The inescapable landmark is the Abbey, which was founded by Charlemagne in the 8th century, and because it was sacked so many times, boasts architecture spanning almost a millennium up to the 1800s.
Behind the abbey is the troglodyte cave where Brantôme’s earliest monks settled.
There’s an incredible sculpture depicting the Last Judgement carved into these walls.
There are five castles and châteaux in this small town, as well as what could be the oldest romanesque belfry in France.
The riverbanks are fabulous for walks, and you can hire a kayak to unwind on the river, and get the best perspective of Brantôme’s beautiful heritage.
12. Usson, Puy-de-Dôme
This village hugs the slopes of a volcanic dome, protruding above the Allier Valley.
The dome peaks at 639 metres and on these slopes once stood an imperious fortress, where Margaret of Valois, the wife of King Henry IV was held prisoner for several years.
Cardinal Richelieu ordered the castles destruction but there are plenty of hints of the grandeur of the location, in Usson’s stately 15th and 16th-century mansions and vestiges of its triple ring of walls.
It’s also well worth climbing the dome, on the way passing surreal basalt columns.

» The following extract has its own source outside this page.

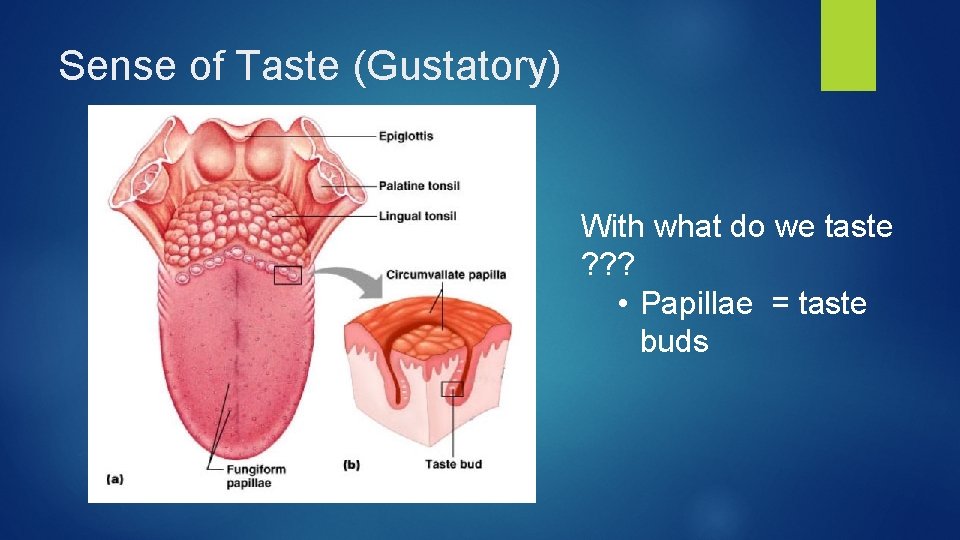 Sense of Taste (Gustatory) With what do we taste ? ? ? • Papillae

At the summit is a 20th-century statue of the Virgin, built to protect France’s airmen.
From up here you can bask in panoramas of Auvergne’s ethereal mountain volcanic ranges.
13. Vézelay, Yonne
On a steep hill, Vézelay has dreamy vistas of the vineyards and woodland in the Cure Valley, as well as the Monts du Morvan in the distance.

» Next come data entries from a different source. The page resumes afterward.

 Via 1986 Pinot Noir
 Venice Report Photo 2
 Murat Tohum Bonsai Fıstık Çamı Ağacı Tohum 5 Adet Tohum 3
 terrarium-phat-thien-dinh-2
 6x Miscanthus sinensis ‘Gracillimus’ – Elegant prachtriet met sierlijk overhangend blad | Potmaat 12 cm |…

The zigzagging streets inside the 12th-century walls are crowded by the elegant homes of winegrowers and renaissance mansions.
Vézelay Abbey is the a local sight you have to see: Together with the ensemble of buildings on the hills it’s a World Heritage Site.
Check out the sculptures on the portals and the capitals at the top of the columns inside.
These are masterpieces of romanesque art and date to the 12th century.
14. Locronan, Finistère
On the list of France’s “most beautiful” villages, Locronan is built from a local granite that has an enchanting blue tint.
For hundreds of years the local industry was hemp farming, which grew all around the town and was cultivated to make ship-rigging and sailcloth.
As with many heritage towns in France, Locronan feels frozen in time, with gorgeous lichen-flecked houses from the 1600s and 1700s.
The consistency of this architecture makes it a dream shooting location for films; some 30 have been made here, including roman Polanski’s Tess in 1979.
15. Lourmarin, Vaucluse
Albert Camus and Henri Bosco were two French cultural giants enticed by the undeniably beautiful Lourmarin in Provence’s mythic Luberon massif.
You can pay your respects to Camus who is buried in the town.
All around are sunflower fields, Côtes du Luberon vineyards, orchards, and olive groves.
And inside the surprisingly lively village are cafes that use every inch of the pavements for outdoor seating, Wander up to the château, which is mostly in the renaissance style and is blessed with a dignified balustraded terrace facing the village with its terracotta roofs and ochre walls.